For his pop career, second-generation WR Blake Proehl comes prepackaged with a platform and an origin story.

Blake Proehl
Provided

Blake Proehl has always known how scoring a touchdown makes people feel. He experienced it 10 times while playing at East Carolina University, eliciting high-fives and chest-bumps from the 51,000 fans at Dowdy-Ficklen Stadium. Proehl, whose dad Ricky won two Super Bowls during his 17-year NFL career, has never been shy about the athletic gifts that make that possible, including his scorching 4.47-second 40-yard dash and soaring 36-inch vertical jump. 

Proehl’s other talent—singing—remained hidden until late 2021, months after the undrafted wide receiver signed with the Minnesota Vikings. A devastating knee injury that summer, one that took the young wideout through a “really, really, really dark place,” eventually led Proehl to discover the emotional power of his previously unrealized gift. 

“It brought some family members to tears, because it was just a shock,” he remembers. “Right then and there, I remember feeling how much power there is in music.” 

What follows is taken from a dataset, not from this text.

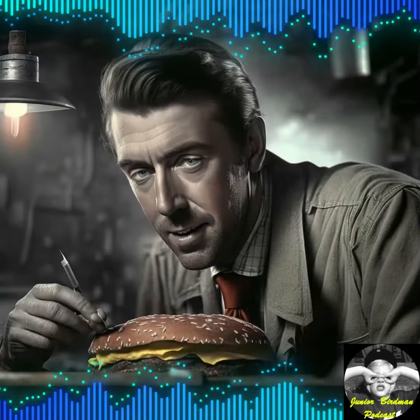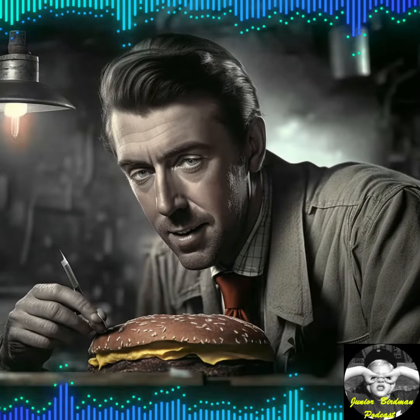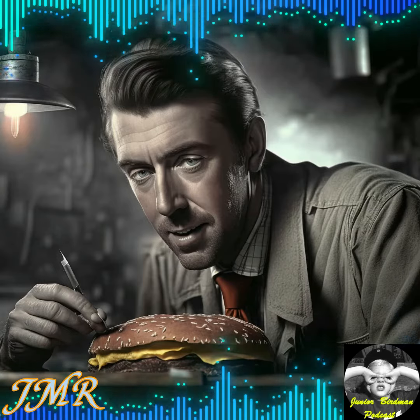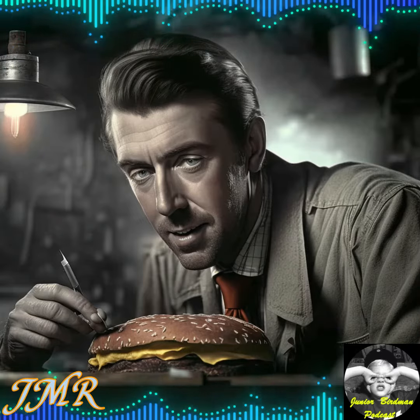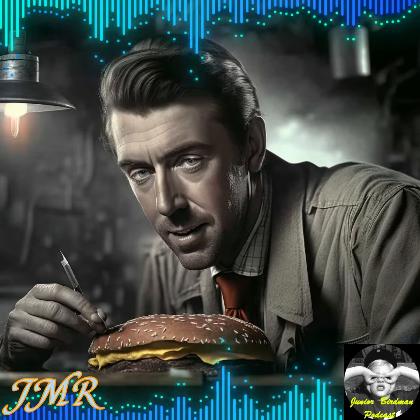Jimmy's Meal Repair, how can I help you? Sure, we fix all kinds of Italian dishes. What seems to be the problem? Al dente? Okay, oh I see.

Proehl, 23, is now being pulled in two directions, lured by very different dreams: NFL stardom and Top 40 stardom. The first one, pro football, has seemed like his birthright since Pop Warner, a path he’s barreled down with rarified bloodlines and eye-popping measurables. The second, show business, suddenly appears perhaps more plausible, given the emergence of his angelic, dramatic voice and supercharged TikTok following. 

As his surgically reconstructed knee heals, he says he’s not ready to pick just one passion. He wants to be Cooper Kupp on the field, Joe Jonas in the offseason. 

“You can only play football for so long without your body collapsing,” Proehl says. “I’m in it for the long haul for music, and I’m trying to get everything I can out of the game of football.” 

NFL DNA

By the time Blake was born, the Proehl family was finished with crisscrossing the country. A third-round pick by the Arizona Cardinals in 1990, Ricky had bounced from the desert to Seattle to Chicago to St. Louis. The family decided to settle in Greensboro, North Carolina, during the most exhilarating stage of dad’s career. 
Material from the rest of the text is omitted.